Honestly, I probably wouldn’t have been drawn to this book if not for Ed Brubaker’s involvement in the series as one of its co-writers (in fact, I only heard about it while searching my local public library for anything he’d done).

For starters, I’m not a huge police procedural fan; they’re entertaining, but they don’t draw me in. And frankly, I’m not sure that I care what the GCPD are up to. There are plenty of cop stories… what makes this one special?

“Meet Gotham’s Finest”, the book says.

Meh.

Well, Brubaker and Rucka were about to prove their worth.

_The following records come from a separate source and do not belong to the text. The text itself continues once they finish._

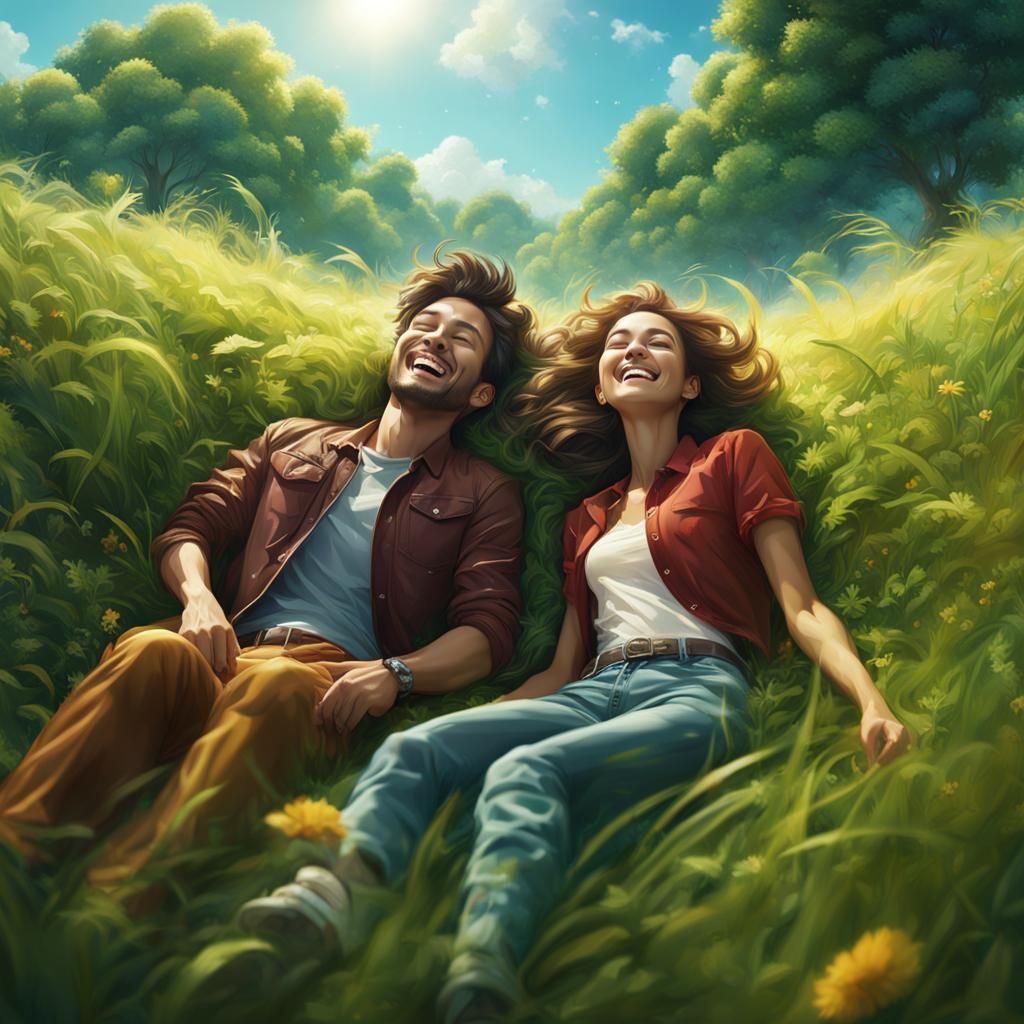 Laying in grass, watching clouds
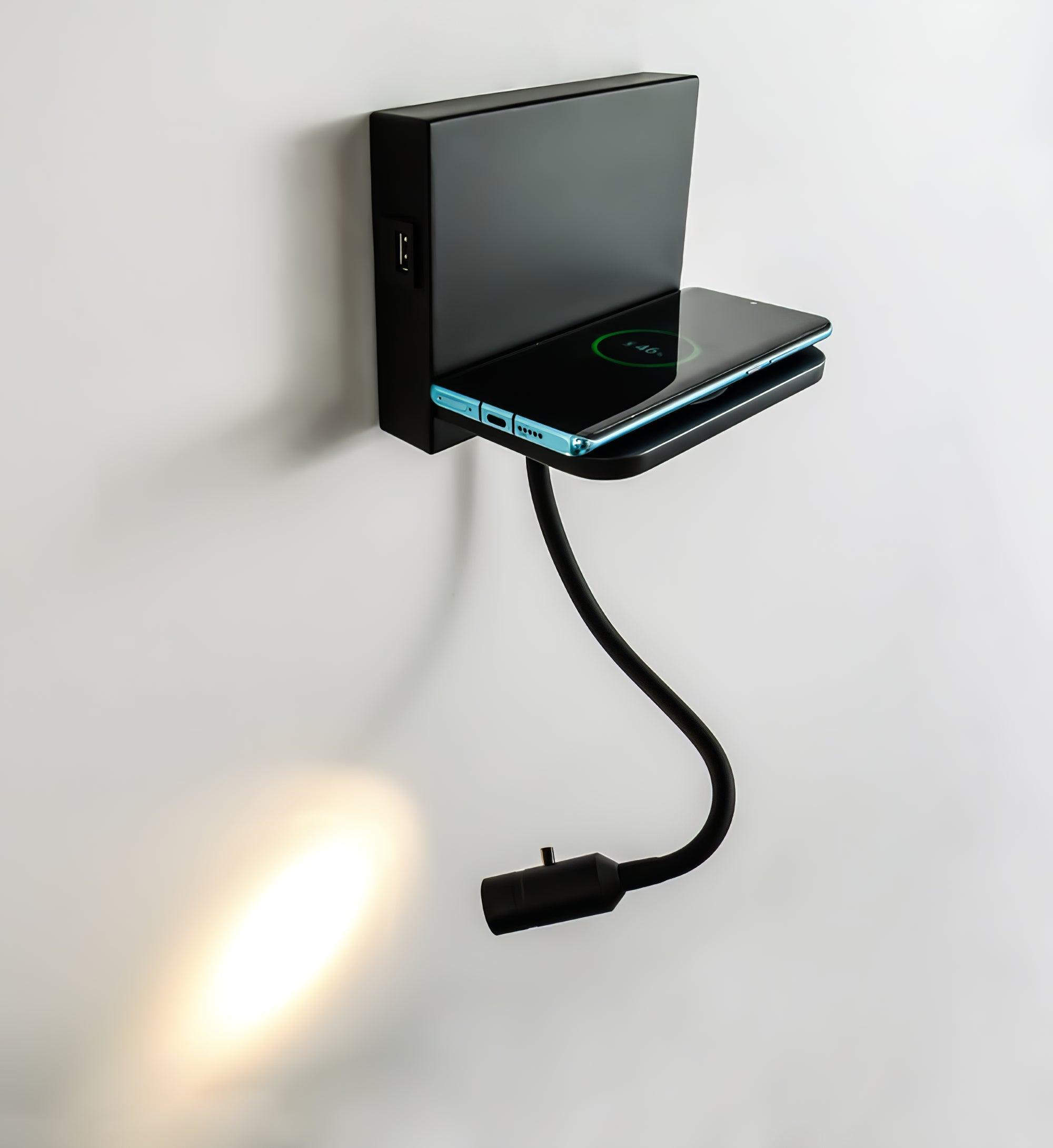 Modern LED Reading Wall Sconce with Wireless Charging Pad and Adjustable Rotary Head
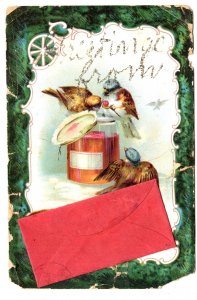 Fancy Greetings from Postcard with Message in Envelope. Used 1907 Flag Cancel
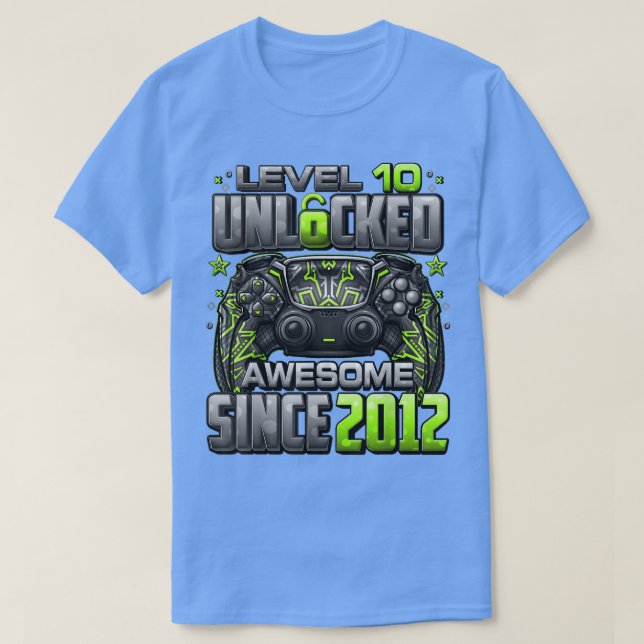 Level 10 Unlocked Awesome Since 2012 10th Birthday T-Shirt (Design Front)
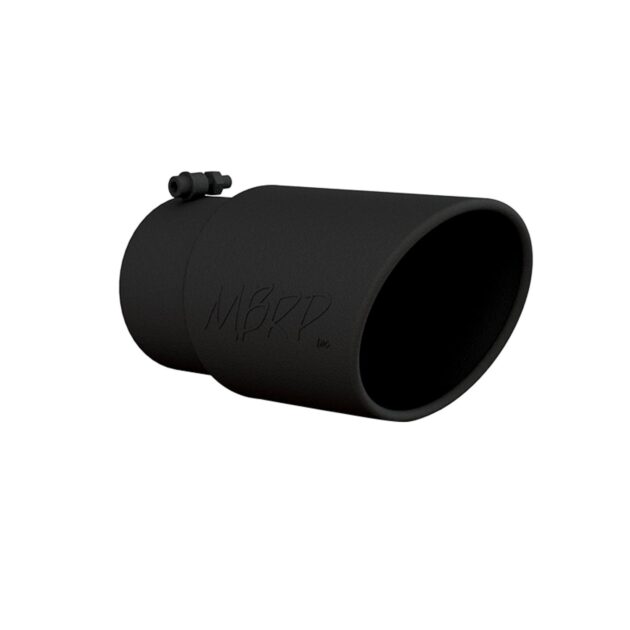 MBRP Exhaust Tip; 6in. O.D. Angled Rolled End 5in. inlet 12in. length; Black Coated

The book begins with a two-parter about two cops who follow a weak lead in a kidnapping case and stumble upon Mr. Freeze. One guy gets frozen and shattered into pieces, while his partner is forced to watch, hands frozen together.

Naturally, the cops want to find Freeze, but they decide to keep the investigation in-house – to not involve Batman. They eventually figure out what Freeze is up to – but it’s bigger than them, so they relent and call in the Bat.

The second story involves Firebug, and it actually ties into the kidnapping case that started the book, as our survivor gets a new partner and they start putting the pieces together, discovering that the kidnapping may be something else.

Since it’s a three-parter, and because aspects of it had already been touched upon in the first two books, this one felt more fleshed out, more complete. It’s still a police procedural, and some of it was predictable, but it was a fairly good read.

I really do like the concept, I must say: approaching Gotham’s underworld from the other side, not from Batman or the villains’ perspective is kind of cool; it fleshes out one’s understanding. Those who like cop stories will no doubt enjoy this.

I should have known that Brubaker (and Rucka) would find a way to make gritty crime stories set in Gotham worth reading. I’m no great fan of his superhero books, but his noir and other less mainstream works are superior to most writers’ works.

So it follows that ‘Gotham Central’ is no exception.